Monday, 20 August 2012

The Forgotten Commandment


The Telegraph is pushing an idea today that adultery helps marriage. Good grief! How stupid can sin get? Of course, Paul VI prophesied all of these happenings because of the acceptance of contraception and abortion. Separating love and commitment from sex is easy when pregnancy is not involved. Women are less free than they were 100 years ago, IMO. Adultery, as good Catholics know, a mortal sin, separating the two invovled from God and eternal life. No person is worth that.
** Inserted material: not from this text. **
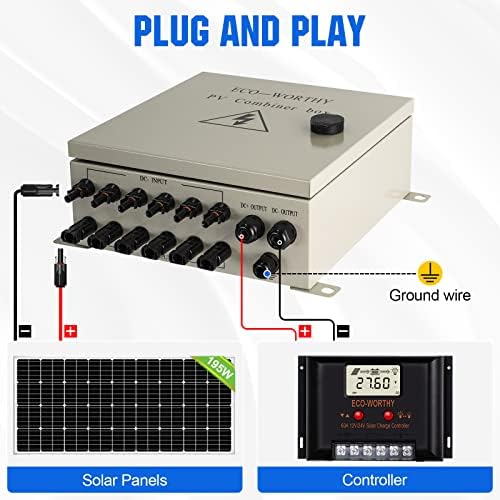 ECO-WORTHY PV Combiner Box with Circuit Breakers for Solar Panels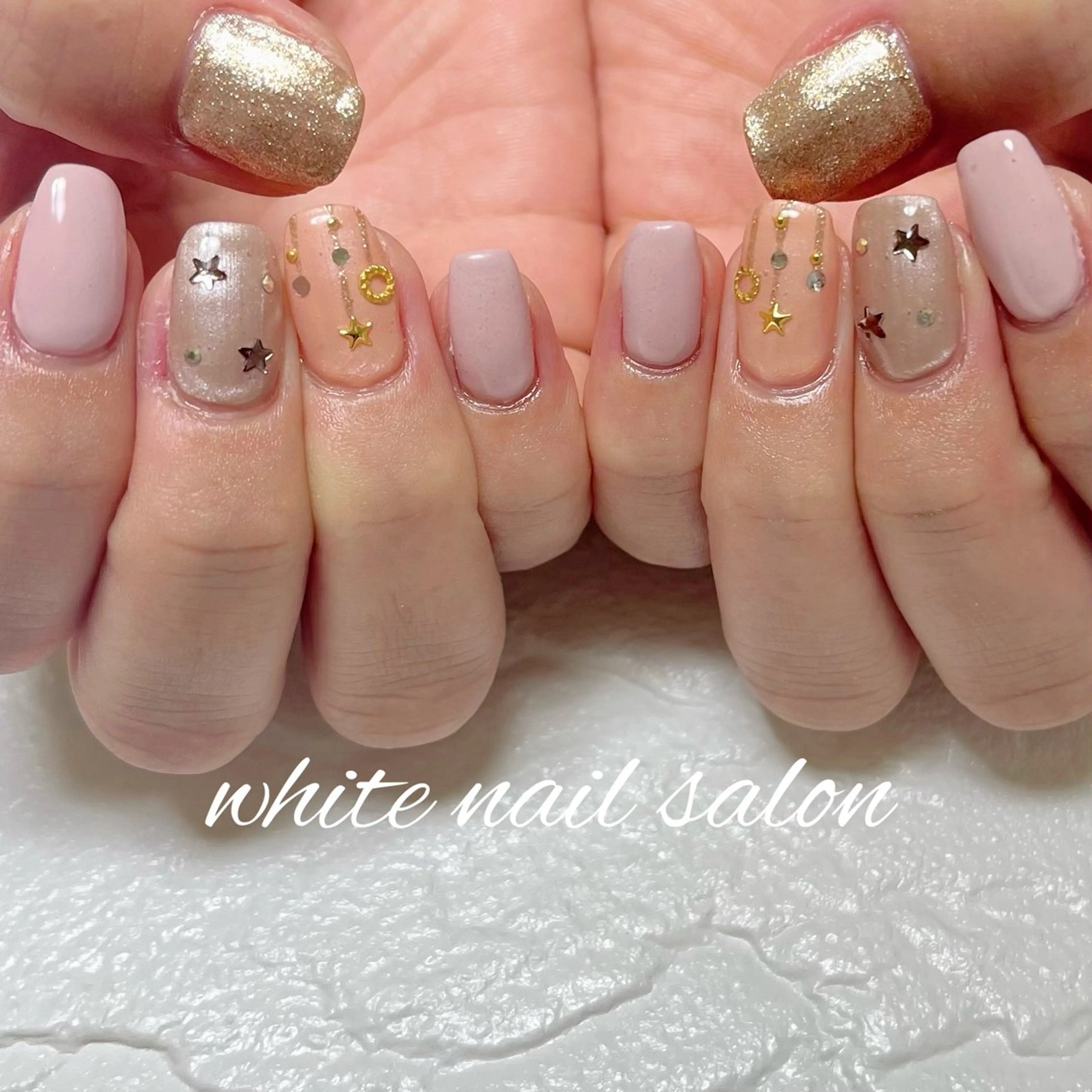 ネイル ラメ(グリッター) ハンドネイル white nail salonのネイルデザイン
Here is an extract for the online publication:


Alongside the internet dating revolution, these “playfairs” are evidence of a potentially dramatic shift in British marriage. As dating websites open up a global shop window of sexual possibilities, as life expectancy continues to rise and we become increasingly sexually aware, how can we still take the crushing old rules of fidelity, that turn marriage into a prison, for granted? Why should we not be able to recapture the heady thrills of youth, while protecting a secure home life?
The time has come, alongside the technology, to redraw the rules of marriage for the 21st century. Just as the Pill opened up premarital sex in the Sixties, the internet is opening up a whole new culture of affairs among married people. Sex has become a major leisure activity of our time, accessible to everyone, married or not, rich and poor. It’s time to start honing our seduction skills and join the playground.
Yet it is the most puritanical nations, including Britain and America, that have traditionally resisted the notion of adultery most rigorously. Here, couples endure the challenges of child care, work pressures, mid‑life crisis and dwindling marital sex against a backdrop of repressive Anglo-Saxon hang‑ups about infidelity, seen always in pejorative terms such as “cheating”.
Of course, in journalism, "puritanical" is a buzz word used to pretend the Puritans created the Ten Commandments. Nope, sorry, God did.